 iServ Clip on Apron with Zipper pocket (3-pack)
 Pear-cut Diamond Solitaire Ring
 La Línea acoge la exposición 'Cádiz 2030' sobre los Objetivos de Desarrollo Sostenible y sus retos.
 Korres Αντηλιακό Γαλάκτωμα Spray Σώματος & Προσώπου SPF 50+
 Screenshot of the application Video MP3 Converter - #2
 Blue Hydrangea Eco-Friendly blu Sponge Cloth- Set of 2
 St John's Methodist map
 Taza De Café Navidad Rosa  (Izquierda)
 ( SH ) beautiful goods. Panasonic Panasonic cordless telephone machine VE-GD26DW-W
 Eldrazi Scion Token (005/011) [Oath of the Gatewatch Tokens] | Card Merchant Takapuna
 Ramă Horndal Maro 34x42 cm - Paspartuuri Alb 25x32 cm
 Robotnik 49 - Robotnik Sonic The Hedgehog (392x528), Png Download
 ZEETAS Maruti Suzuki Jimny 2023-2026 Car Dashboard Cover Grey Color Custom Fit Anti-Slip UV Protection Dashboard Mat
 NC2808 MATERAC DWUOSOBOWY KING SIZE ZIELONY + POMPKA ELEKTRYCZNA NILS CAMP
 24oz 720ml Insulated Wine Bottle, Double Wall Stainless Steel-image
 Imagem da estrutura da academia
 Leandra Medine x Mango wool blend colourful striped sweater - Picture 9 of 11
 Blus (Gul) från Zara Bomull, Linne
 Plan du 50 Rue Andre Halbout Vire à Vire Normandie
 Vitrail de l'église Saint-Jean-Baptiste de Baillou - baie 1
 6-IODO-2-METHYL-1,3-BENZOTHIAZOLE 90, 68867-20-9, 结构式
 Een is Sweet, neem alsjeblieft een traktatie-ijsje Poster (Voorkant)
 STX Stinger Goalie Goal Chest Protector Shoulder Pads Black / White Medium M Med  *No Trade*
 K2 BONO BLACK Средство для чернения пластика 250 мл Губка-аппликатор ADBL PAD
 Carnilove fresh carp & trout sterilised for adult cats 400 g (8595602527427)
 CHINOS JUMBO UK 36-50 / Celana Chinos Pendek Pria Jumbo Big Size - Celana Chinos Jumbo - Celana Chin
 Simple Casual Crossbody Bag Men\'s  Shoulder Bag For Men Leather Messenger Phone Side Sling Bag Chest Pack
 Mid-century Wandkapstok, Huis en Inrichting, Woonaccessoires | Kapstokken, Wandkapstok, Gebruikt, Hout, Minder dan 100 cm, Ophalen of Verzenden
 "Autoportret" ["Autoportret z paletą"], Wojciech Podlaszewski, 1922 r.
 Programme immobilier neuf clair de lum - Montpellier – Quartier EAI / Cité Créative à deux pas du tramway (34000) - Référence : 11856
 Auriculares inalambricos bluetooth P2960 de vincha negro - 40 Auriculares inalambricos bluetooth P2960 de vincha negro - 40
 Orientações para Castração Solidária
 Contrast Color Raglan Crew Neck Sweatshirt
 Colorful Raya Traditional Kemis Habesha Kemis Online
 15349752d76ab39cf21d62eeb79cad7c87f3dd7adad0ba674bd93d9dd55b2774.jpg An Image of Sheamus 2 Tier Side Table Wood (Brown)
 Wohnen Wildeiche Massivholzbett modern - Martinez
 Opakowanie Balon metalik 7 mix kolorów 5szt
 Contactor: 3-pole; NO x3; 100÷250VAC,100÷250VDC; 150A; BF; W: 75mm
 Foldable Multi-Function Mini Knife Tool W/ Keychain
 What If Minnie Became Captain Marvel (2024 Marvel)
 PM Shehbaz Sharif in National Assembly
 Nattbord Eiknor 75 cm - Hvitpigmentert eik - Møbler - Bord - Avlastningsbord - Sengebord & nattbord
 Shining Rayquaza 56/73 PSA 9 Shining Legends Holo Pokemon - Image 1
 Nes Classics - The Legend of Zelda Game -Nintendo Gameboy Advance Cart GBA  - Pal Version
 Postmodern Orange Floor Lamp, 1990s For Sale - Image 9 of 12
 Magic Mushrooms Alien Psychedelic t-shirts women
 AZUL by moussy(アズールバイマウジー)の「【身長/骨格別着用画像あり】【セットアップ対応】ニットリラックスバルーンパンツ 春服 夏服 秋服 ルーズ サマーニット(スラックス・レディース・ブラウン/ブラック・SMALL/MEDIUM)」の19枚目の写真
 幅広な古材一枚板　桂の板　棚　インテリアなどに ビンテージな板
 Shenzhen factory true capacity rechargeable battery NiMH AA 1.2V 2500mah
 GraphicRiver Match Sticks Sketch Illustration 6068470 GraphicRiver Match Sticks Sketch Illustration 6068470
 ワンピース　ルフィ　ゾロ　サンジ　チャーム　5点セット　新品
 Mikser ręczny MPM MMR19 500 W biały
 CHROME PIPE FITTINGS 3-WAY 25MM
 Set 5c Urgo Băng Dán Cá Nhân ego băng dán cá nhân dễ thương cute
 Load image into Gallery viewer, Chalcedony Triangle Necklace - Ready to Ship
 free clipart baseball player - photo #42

- **EXERCISE DIRECTIONS**:
Reproduce every line of the data exactly as it was written.

- **WRITTEN SOLUTION**:
 iServ Clip on Apron with Zipper pocket (3-pack)
 Pear-cut Diamond Solitaire Ring
 La Línea acoge la exposición 'Cádiz 2030' sobre los Objetivos de Desarrollo Sostenible y sus retos.
 Korres Αντηλιακό Γαλάκτωμα Spray Σώματος & Προσώπου SPF 50+
 Screenshot of the application Video MP3 Converter - #2
 Blue Hydrangea Eco-Friendly blu Sponge Cloth- Set of 2
 St John's Methodist map
 Taza De Café Navidad Rosa  (Izquierda)
 ( SH ) beautiful goods. Panasonic Panasonic cordless telephone machine VE-GD26DW-W
 Eldrazi Scion Token (005/011) [Oath of the Gatewatch Tokens] | Card Merchant Takapuna
 Ramă Horndal Maro 34x42 cm - Paspartuuri Alb 25x32 cm
 Robotnik 49 - Robotnik Sonic The Hedgehog (392x528), Png Download
 ZEETAS Maruti Suzuki Jimny 2023-2026 Car Dashboard Cover Grey Color Custom Fit Anti-Slip UV Protection Dashboard Mat
 NC2808 MATERAC DWUOSOBOWY KING SIZE ZIELONY + POMPKA ELEKTRYCZNA NILS CAMP
 24oz 720ml Insulated Wine Bottle, Double Wall Stainless Steel-image
 Imagem da estrutura da academia
 Leandra Medine x Mango wool blend colourful striped sweater - Picture 9 of 11
 Blus (Gul) från Zara Bomull, Linne
 Plan du 50 Rue Andre Halbout Vire à Vire Normandie
 Vitrail de l'église Saint-Jean-Baptiste de Baillou - baie 1
 6-IODO-2-METHYL-1,3-BENZOTHIAZOLE 90, 68867-20-9, 结构式
 Een is Sweet, neem alsjeblieft een traktatie-ijsje Poster (Voorkant)
 STX Stinger Goalie Goal Chest Protector Shoulder Pads Black / White Medium M Med  *No Trade*
 K2 BONO BLACK Средство для чернения пластика 250 мл Губка-аппликатор ADBL PAD
 Carnilove fresh carp & trout sterilised for adult cats 400 g (8595602527427)
 CHINOS JUMBO UK 36-50 / Celana Chinos Pendek Pria Jumbo Big Size - Celana Chinos Jumbo - Celana Chin
 Simple Casual Crossbody Bag Men\'s  Shoulder Bag For Men Leather Messenger Phone Side Sling Bag Chest Pack
 Mid-century Wandkapstok, Huis en Inrichting, Woonaccessoires | Kapstokken, Wandkapstok, Gebruikt, Hout, Minder dan 100 cm, Ophalen of Verzenden
 "Autoportret" ["Autoportret z paletą"], Wojciech Podlaszewski, 1922 r.
 Programme immobilier neuf clair de lum - Montpellier – Quartier EAI / Cité Créative à deux pas du tramway (34000) - Référence : 11856
 Auriculares inalambricos bluetooth P2960 de vincha negro - 40 Auriculares inalambricos bluetooth P2960 de vincha negro - 40
 Orientações para Castração Solidária
 Contrast Color Raglan Crew Neck Sweatshirt
 Colorful Raya Traditional Kemis Habesha Kemis Online
 15349752d76ab39cf21d62eeb79cad7c87f3dd7adad0ba674bd93d9dd55b2774.jpg An Image of Sheamus 2 Tier Side Table Wood (Brown)
 Wohnen Wildeiche Massivholzbett modern - Martinez
 Opakowanie Balon metalik 7 mix kolorów 5szt
 Contactor: 3-pole; NO x3; 100÷250VAC,100÷250VDC; 150A; BF; W: 75mm
 Foldable Multi-Function Mini Knife Tool W/ Keychain
 What If Minnie Became Captain Marvel (2024 Marvel)
 PM Shehbaz Sharif in National Assembly
 Nattbord Eiknor 75 cm - Hvitpigmentert eik - Møbler - Bord - Avlastningsbord - Sengebord & nattbord
 Shining Rayquaza 56/73 PSA 9 Shining Legends Holo Pokemon - Image 1
 Nes Classics - The Legend of Zelda Game -Nintendo Gameboy Advance Cart GBA  - Pal Version
 Postmodern Orange Floor Lamp, 1990s For Sale - Image 9 of 12
 Magic Mushrooms Alien Psychedelic t-shirts women
 AZUL by moussy(アズールバイマウジー)の「【身長/骨格別着用画像あり】【セットアップ対応】ニットリラックスバルーンパンツ 春服 夏服 秋服 ルーズ サマーニット(スラックス・レディース・ブラウン/ブラック・SMALL/MEDIUM)」の19枚目の写真
 幅広な古材一枚板　桂の板　棚　インテリアなどに ビンテージな板
 Shenzhen factory true capacity rechargeable battery NiMH AA 1.2V 2500mah
 GraphicRiver Match Sticks Sketch Illustration 6068470 GraphicRiver Match Sticks Sketch Illustration 6068470
 ワンピース　ルフィ　ゾロ　サンジ　チャーム　5点セット　新品
 Mikser ręczny MPM MMR19 500 W biały
 CHROME PIPE FITTINGS 3-WAY 25MM
 Set 5c Urgo Băng Dán Cá Nhân ego băng dán cá nhân dễ thương cute
 Load image into Gallery viewer, Chalcedony Triangle Necklace - Ready to Ship
 free clipart baseball player - photo #42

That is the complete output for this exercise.